** Provided data **
- - -
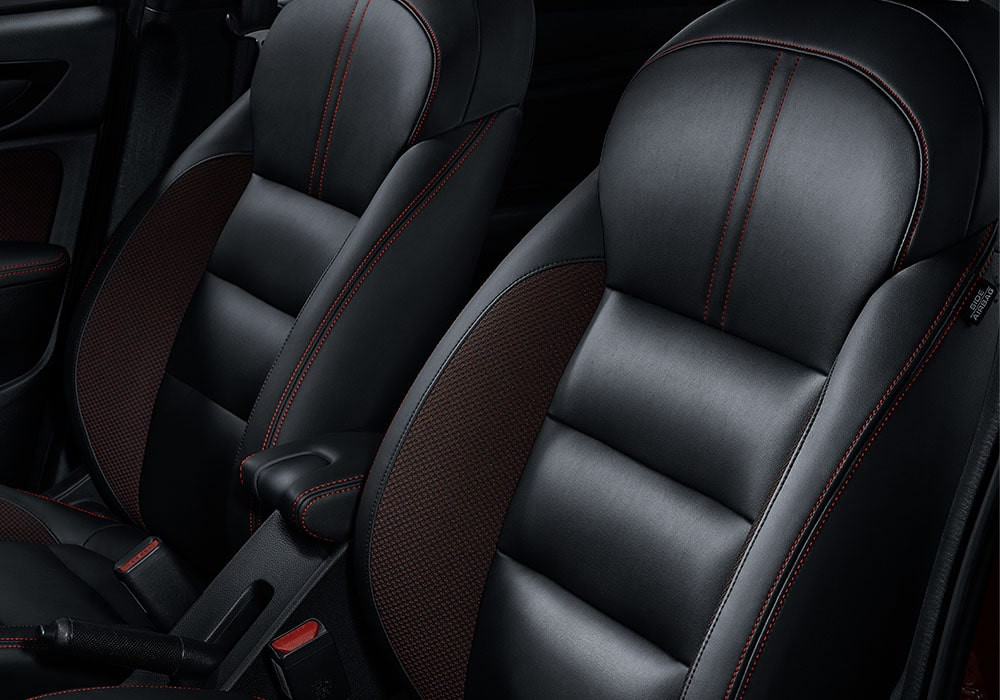 Leather Trimmed Seat With Red Stitches
Seat Honda WR-V yang dilapisi dengan kulit berkualitas tinggi berikan kenyamanan saat duduk didalam kabin.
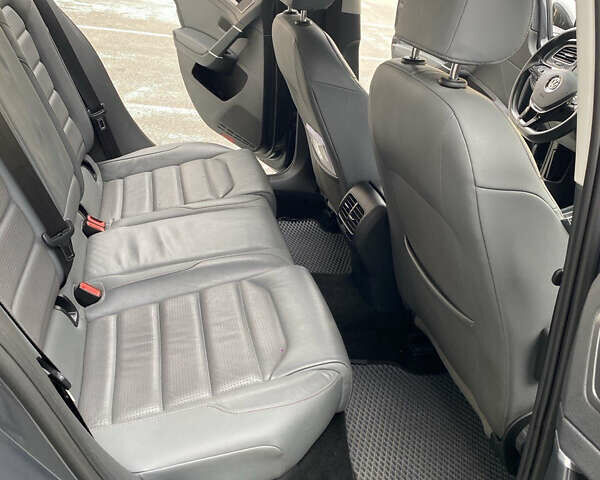 Серый Фольксваген e-Golf, объемом двигателя 0 л и пробегом 60 тыс. км за 16500 $, фото 6 на Automoto.ua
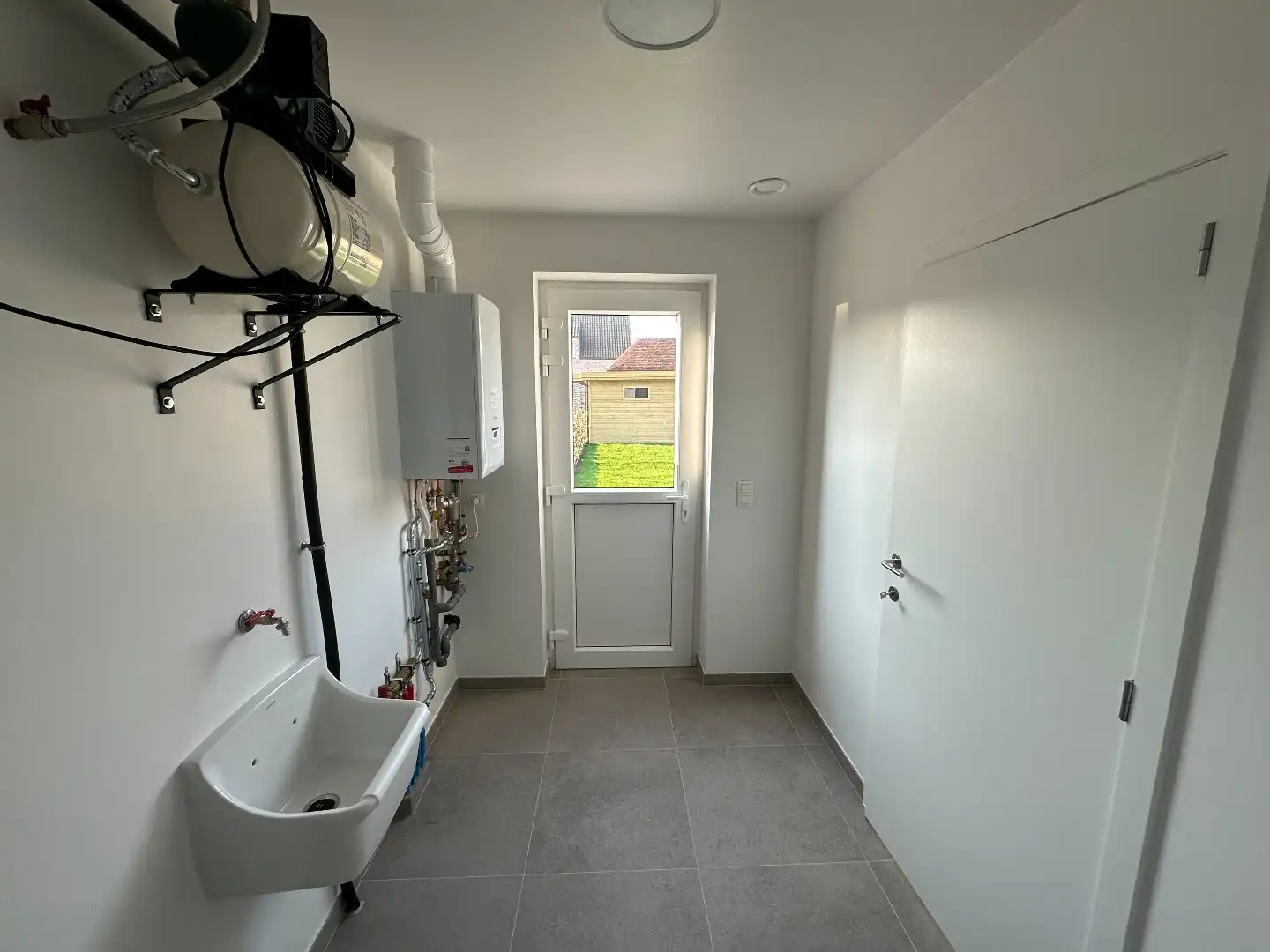 Prachtige instapklare nieuwbouwwoning, energiezuinig, Torhout. foto 13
- - -
** The task **
What you return should be only the lines from the line with "Серый Фольксваген e-Golf, объемом" through the last line of the listing above, exactly, both ends included, pictures excluded.

** Output of the task **
 Серый Фольксваген e-Golf, объемом двигателя 0 л и пробегом 60 тыс. км за 16500 $, фото 6 на Automoto.ua
 Prachtige instapklare nieuwbouwwoning, energiezuinig, Torhout. foto 13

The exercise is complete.